Вот, кажется, неплохая версия к объяснению этого «парадокса», вычитанная в старом одном и почти не известном никому романе. Итак, - сцена на поминках самоубийцы – русского беженца из «Совдепии» (1920-е годы):
« - Я удивляюсь, - задумчиво заметил князь, - как все-таки мало самоубийств среди наших беженцев. Ведь какая жизнь: страшно подумать. А вот, подите, - терпят!
- По-моему, тут нет ничего удивительного, Алексис, - строго возразила княгиня. - Большинство беженцев, слава Богу, верующие люди. Православные. А верующий человек знает, что кончать с собой – грех.
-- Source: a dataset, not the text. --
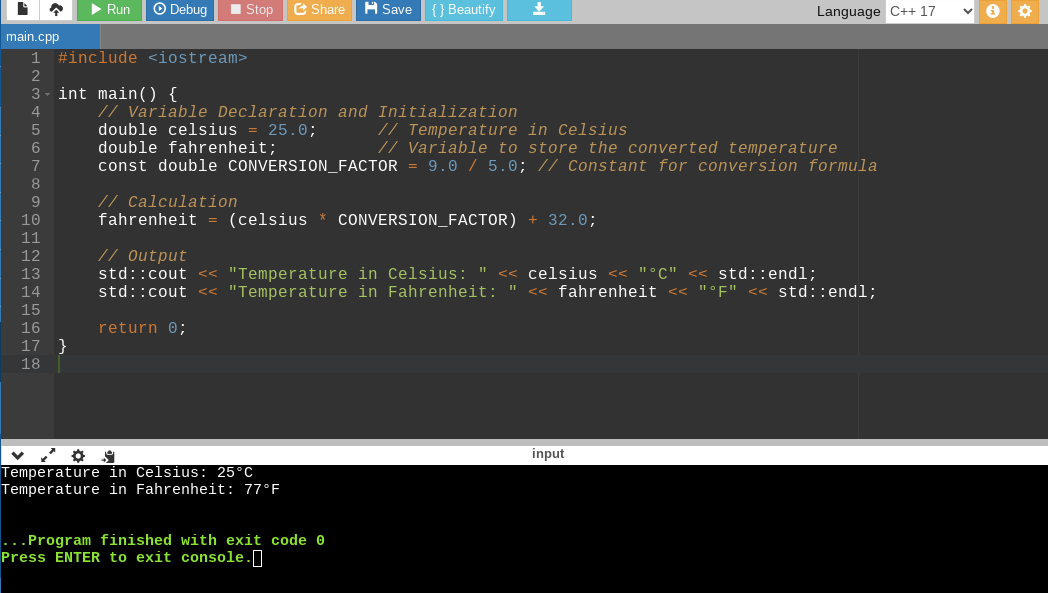 C++ variable example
- Да, это много значит, конечно, - поддержал княгиню Ковылин. Выпив несколько бокалов вина, он пришел в благодушное настроение и не прочь был поговорить. - Только я бы сказал, что тут играет роль не одна религиозность. Мне кажется, русский человек только тогда и начинает проявлять интерес к жизни, когда его основательно ударят по черепу или ограбят. Ведь почему чеховские герои скулят? Главным образом от переполнения желудка. О чем бы они там ни говорили, о чем ни ныли, ясно чувствуется, что сытно поели перед этим, канальи. Что хорошая прислуга кроме того есть, что дела у них, в сущности, немного, а иногда и совсем нет никакого. Сила русского духа в том, по-моему, и заключается, что мы тоскуем, когда у нас есть достаток, и жизнерадостны, когда ничего нет». - А. Ренников. Души живые. Белград. 1925. С. 106-107.